IS the Dar factor at play? Or are we missing something that only he can see?
The Pakistani currency has appreciated 8.25pc to 219.92 to a dollar since Sept 22. The rupee is actually the world’s best-performing currency lately. But its rise isn’t consistent with many global and domestic economic indicators. For instance, the dollar has appreciated against every hard currency, spawning fears of another global currency crash not seen since the 1997 Asian crisis. How is the rupee defying the trend?
Then, the State Bank’s liquid foreign exchange reserves are decreasing despite stringent import restrictions. Reserves fell — although slightly — to $13.59bn from $13.76bn on a week-over-week basis. Even Moody’s decision to cut Pakistan’s sovereign credit rating on its increasing external sector vulnerabilities after the floods has failed to stop the rupee’s rise.

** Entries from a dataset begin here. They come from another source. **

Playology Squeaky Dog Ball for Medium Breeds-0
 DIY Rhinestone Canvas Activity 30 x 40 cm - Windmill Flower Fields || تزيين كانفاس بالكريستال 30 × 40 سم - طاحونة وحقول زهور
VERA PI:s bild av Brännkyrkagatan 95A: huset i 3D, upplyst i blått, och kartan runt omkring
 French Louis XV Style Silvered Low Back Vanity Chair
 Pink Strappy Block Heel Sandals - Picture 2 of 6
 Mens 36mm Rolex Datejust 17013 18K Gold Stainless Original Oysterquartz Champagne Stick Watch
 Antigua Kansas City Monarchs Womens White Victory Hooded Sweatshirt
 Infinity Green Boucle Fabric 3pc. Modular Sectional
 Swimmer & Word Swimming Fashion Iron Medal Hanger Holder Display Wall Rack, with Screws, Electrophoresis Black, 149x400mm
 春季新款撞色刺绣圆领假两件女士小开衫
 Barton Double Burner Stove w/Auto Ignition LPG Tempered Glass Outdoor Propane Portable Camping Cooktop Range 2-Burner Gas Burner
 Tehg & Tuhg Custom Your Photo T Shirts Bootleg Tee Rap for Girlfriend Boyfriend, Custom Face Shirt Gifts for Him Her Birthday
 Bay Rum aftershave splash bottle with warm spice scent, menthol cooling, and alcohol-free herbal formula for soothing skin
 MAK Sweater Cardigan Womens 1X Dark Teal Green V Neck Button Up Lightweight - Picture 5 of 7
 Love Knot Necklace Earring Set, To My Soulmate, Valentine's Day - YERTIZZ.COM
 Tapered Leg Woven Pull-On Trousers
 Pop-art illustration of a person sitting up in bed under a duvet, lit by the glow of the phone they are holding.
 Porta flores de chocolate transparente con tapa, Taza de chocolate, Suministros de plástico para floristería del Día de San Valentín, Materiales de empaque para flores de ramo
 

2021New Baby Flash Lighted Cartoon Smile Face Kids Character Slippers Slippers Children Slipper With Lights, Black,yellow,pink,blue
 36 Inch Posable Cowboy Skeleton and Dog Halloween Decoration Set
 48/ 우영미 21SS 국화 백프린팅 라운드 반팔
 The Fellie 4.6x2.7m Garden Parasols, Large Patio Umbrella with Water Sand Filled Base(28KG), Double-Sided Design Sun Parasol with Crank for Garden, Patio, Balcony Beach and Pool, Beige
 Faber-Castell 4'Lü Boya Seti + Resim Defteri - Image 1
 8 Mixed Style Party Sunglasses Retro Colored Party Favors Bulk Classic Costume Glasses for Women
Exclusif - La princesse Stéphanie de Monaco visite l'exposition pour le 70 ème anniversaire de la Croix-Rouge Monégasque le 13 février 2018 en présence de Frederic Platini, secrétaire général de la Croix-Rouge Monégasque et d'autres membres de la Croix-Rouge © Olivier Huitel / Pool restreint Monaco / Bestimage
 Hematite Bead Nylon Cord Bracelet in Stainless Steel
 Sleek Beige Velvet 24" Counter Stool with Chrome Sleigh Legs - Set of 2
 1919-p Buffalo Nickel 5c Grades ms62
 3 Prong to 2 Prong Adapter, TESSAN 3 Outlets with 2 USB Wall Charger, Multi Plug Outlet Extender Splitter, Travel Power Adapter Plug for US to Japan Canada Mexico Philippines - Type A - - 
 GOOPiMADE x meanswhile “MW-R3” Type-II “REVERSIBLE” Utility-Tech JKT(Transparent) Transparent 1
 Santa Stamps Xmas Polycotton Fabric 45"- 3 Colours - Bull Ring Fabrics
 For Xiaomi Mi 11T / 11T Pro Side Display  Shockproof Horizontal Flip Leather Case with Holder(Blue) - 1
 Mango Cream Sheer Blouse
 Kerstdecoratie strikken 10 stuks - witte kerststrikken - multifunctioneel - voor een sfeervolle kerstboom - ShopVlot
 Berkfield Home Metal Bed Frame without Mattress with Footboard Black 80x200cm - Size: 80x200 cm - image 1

Moody’s believes that the economic losses of $30bn inflicted by the floods have raised fears of a much wider current account gap than projected in the budget and increased Pakistan’s foreign financing needs.
Meanwhile, global oil is bouncing back on the output cut by Opec Plus after a brief fall in price. The only positive economic development has come in the form of commitments from multilaterals of additional funds of $3.8bn and pledges of $816m by friendly countries to help Pakistan in its post-flood reconstruction effort. No wonder most experts believe that the present trend seen in the foreign exchange market is ‘unsustainable’ and will be ‘short-lived’, and that the rupee will soon resume its downhill journey as the economic fundamentals remain weak.
Read: Daronomics — The fallacy of fixing currency price
Ishaq Dar, who is seen by the market as an interventionist advocate of a strong home currency, has, nevertheless, again predicted on a TV show that the exchange rate would settle to below 200 to a dollar in a matter of days, and not weeks, which will reduce the nation’s public debt (in terms of the rupee) and tame the imported inflation. His optimism stems from his belief that the home currency had weakened over the last few months due to speculative attacks, and that it is now headed towards its ‘true worth’.
Like his predecessor, Miftah Ismail, he also blames the big banks for manipulating the exchange rate to make quick money. The banks are said to have made Rs27.67bn in the first three months of the present fiscal to September from their foreign exchange business against a full-year profit of Rs37.88bn during the entire last fiscal. A probe is underway.
Indeed, the biggest challenge facing the government is the stability of the rupee. The problem that became more serious after the restoration of the stalled IMF programme failed to end the market volatility needs to be dealt with to end the growing economic uncertainty. But whatever happens, Mr Dar should avoid interfering with the market forces or we may soon find ourselves in the midst of a deeper crisis.